There are three things that the university would do—represented by the college, the professional schools and the graduate faculty. Through the college it would give men broader interests and wider sympathies, through the professional schools it would teach the routine methods of practise, through the graduate faculty it would improve these methods and enlarge our knowledge. But while the partial separation of these three objects in the university has a historical explanation, it has no real justification. Every child and every man should unite continuously in his education and in his life what the university artificially separates—he should always be doing and learning to do his share of the world's work, he should try continuously to improve the methods of doing it, and he should learn to appreciate the work of others.

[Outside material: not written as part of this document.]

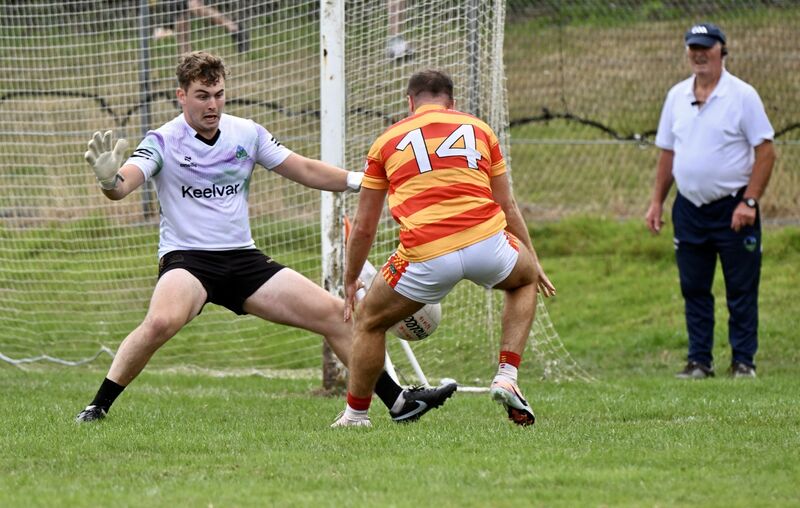 Valley Rovers goalkeeper Billy Curtin and Jack Meade of Newcestown fight for the ball. Picture: Larry Cummins Valley Rovers goalkeeper Billy Curtin and Jack Meade of Newcestown fight for the ball. Picture: Larry Cummins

In our actual courses we can not do much more than teach efficient methods of routine work. The student can learn to do something in particular, not things in general. Hence our professional schools are on the whole more successful than our colleges or our graduate faculties. Routine research and routine scholarship can be taught in the graduate faculty, which is at present essentially a professional school for university teachers. For original research and productive scholarship we must wait for the man, or possibly search for him, give him a chance and let him alone. But we should welcome him and give him opportunity in whatever department of the university he may be found. The right way to give a man interests that are broad and permanent is not to put him in elementary courses in all sorts of subjects, but to encourage him to learn to do well his work in life and to connect with this by natural associations the larger world in which he may live.